Direct emissions from lamb production in Wales could be cut by 20% if sheep farmers adopted a range of measures to optimise output from their system and land base, according to new research.
Wales is already one of the most sustainable places on earth to produce red meat because it can grow grass well, according to the chief executive of Hybu Cig Cymru – Meat Promotion Wales (HCC), Gwyn Howells.
But there is variation between farms and even the best farmers will need to get better if the agriculture sector is to achieve emissions targets, Mr Howells said.
He admitted there was “no easy answer” to reducing emissions and improving carbon sequestration, but that there were “easy wins” set out in the HCC’s environmental blueprint for Welsh red meat production Perfecting the Welsh Way.
During a virtual launch of that initiative on Tuesday (26 October), farmers were urged to adopt some of the guidance set out in the document, and to prioritise those measures according to their potential for emissions cuts.

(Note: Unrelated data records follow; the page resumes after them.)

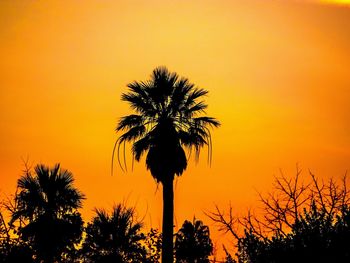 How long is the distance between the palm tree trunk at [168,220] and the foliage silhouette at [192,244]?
75.0 ft

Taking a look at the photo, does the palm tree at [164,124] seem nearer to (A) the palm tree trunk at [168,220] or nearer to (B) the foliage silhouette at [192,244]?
(A) the palm tree trunk at [168,220]

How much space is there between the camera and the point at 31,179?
37438 mm

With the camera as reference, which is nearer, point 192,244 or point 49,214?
point 49,214

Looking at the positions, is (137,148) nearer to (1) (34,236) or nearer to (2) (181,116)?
(2) (181,116)

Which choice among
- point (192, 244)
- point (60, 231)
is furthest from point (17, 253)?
point (192, 244)

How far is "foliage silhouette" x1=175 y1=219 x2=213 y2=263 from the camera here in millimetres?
57844

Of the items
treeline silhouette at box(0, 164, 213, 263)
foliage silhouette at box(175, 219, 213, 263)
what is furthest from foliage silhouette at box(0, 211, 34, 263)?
foliage silhouette at box(175, 219, 213, 263)

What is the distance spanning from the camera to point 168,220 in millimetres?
32125

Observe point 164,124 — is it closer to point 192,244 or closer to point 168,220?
point 168,220

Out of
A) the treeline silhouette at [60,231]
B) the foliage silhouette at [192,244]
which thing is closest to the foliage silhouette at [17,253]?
the treeline silhouette at [60,231]

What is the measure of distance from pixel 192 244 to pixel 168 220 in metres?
28.1

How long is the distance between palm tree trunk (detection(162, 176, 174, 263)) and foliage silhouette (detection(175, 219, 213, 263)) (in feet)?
75.0

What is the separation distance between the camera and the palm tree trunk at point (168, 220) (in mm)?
31156

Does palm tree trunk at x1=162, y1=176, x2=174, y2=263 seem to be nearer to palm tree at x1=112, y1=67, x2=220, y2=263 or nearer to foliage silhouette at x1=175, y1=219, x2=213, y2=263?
palm tree at x1=112, y1=67, x2=220, y2=263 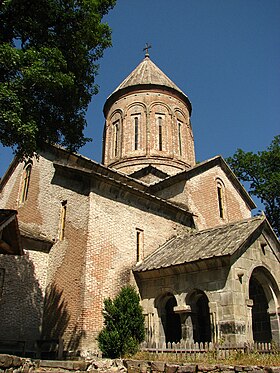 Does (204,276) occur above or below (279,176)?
below

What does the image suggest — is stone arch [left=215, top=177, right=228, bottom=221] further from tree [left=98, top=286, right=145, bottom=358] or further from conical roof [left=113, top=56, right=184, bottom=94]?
conical roof [left=113, top=56, right=184, bottom=94]

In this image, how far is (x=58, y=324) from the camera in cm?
1164

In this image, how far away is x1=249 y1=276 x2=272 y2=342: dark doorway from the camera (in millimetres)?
12227

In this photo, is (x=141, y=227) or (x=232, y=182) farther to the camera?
(x=232, y=182)

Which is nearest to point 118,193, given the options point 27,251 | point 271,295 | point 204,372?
point 27,251

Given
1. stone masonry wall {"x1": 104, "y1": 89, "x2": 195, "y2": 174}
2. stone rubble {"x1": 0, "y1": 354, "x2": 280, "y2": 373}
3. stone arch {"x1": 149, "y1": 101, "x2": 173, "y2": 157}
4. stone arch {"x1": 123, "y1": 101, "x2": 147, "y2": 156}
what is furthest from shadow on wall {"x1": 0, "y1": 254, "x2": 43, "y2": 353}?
stone arch {"x1": 149, "y1": 101, "x2": 173, "y2": 157}

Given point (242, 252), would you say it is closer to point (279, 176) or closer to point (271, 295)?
point (271, 295)

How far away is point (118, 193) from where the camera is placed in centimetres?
1352

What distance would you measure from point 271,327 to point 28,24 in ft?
36.1

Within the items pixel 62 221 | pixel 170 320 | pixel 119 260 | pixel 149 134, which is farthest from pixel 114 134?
pixel 170 320

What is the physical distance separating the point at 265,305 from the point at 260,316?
16.8 inches

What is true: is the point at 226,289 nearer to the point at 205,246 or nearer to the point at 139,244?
the point at 205,246

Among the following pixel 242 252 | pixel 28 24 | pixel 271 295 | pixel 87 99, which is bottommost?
pixel 271 295

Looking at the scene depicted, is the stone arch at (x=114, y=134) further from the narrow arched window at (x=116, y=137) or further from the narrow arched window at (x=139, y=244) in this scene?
the narrow arched window at (x=139, y=244) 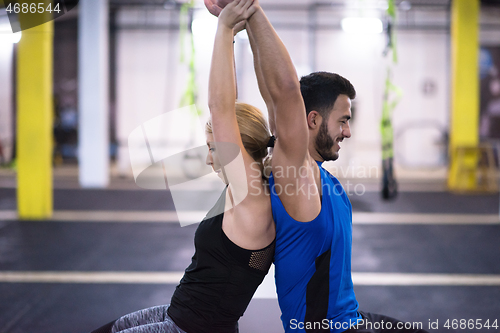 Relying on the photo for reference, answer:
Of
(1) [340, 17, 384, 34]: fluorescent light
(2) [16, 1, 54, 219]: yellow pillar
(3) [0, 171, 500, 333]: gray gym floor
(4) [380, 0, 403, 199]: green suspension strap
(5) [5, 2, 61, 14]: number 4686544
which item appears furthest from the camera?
(1) [340, 17, 384, 34]: fluorescent light

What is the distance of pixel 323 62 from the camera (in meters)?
9.36

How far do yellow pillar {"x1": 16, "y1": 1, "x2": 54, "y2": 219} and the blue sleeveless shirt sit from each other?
4495 millimetres

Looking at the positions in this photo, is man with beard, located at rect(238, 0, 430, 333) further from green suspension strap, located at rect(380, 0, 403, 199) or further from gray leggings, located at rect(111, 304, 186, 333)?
green suspension strap, located at rect(380, 0, 403, 199)

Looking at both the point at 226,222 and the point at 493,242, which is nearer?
the point at 226,222

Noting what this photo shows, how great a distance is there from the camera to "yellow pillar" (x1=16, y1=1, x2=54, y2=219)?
471 cm

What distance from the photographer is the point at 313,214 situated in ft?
3.29

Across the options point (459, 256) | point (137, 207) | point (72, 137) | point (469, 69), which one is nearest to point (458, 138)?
point (469, 69)

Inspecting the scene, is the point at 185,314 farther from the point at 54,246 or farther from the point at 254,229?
the point at 54,246

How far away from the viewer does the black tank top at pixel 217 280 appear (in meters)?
1.02

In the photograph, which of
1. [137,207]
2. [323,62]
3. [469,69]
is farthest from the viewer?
[323,62]

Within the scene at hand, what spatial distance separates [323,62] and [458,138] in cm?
371

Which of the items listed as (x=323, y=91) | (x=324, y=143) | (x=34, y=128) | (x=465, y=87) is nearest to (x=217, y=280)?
(x=324, y=143)

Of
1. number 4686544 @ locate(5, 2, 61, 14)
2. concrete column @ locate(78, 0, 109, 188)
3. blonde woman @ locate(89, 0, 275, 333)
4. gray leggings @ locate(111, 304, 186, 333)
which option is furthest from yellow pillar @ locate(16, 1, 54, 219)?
blonde woman @ locate(89, 0, 275, 333)

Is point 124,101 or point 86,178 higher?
point 124,101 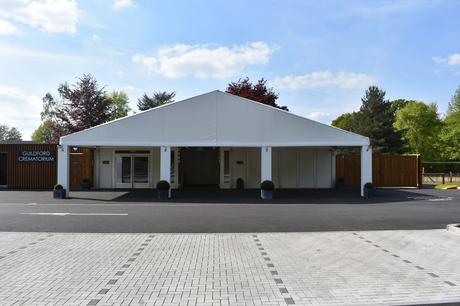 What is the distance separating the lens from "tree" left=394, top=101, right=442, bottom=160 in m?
64.0

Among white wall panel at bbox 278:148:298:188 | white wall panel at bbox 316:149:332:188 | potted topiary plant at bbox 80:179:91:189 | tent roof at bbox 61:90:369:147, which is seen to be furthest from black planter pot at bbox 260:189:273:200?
potted topiary plant at bbox 80:179:91:189

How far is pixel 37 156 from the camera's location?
95.0 feet

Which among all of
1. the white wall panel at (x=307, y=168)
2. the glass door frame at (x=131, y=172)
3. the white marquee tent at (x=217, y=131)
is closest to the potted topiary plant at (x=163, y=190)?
the white marquee tent at (x=217, y=131)

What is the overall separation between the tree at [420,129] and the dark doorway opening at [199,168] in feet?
133

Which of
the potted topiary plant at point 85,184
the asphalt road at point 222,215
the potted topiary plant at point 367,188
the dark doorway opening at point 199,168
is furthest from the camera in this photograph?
the dark doorway opening at point 199,168

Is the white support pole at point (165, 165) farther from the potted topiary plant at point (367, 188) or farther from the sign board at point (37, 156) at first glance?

For instance, 54% of emissions come from methane, compared with 3% from fuel and electricity, so it made sense to devote more time to improving the breeding capacity of flocks and herds than focusing on energy reductions, said HCC’s industry development officer John Richards, although improvements were needed across all aspects of production.
And it was important for farmers to understand what their farms were capable of producing, as every farm and system is different.
“For some farmers the optimum breeding capacity is 1.7-1.8 lamb per ewe, but for others it is 1.2-1.3. It is not about producing more, but about producing what is right for the system and that means understanding what the carrying capacity of the land is,” said Mr Richards.
Many of the measures set out in the document are based on a number of research projects being undertaken by HCC in conjunction with universities, project partners, vets and farmers.
A major focus is grassland management as grazed grassland, which is the large majority of agricultural land in Wales, can act as a carbon sink.
The document also seizes on new evidence that methane is a short-lived gas, as set out in the Intergovernmental Panel On Climate Change’s (IPCC) 2021 report.
This, said Mr Howells, suggests that methane emissions from stable sources, that is herds and flocks with a consistent headage, had been “three or four times” overcalculated through a commonly used metric.
He believed there would be a role for all current farming systems going forward, but some would need to be “tweaked”.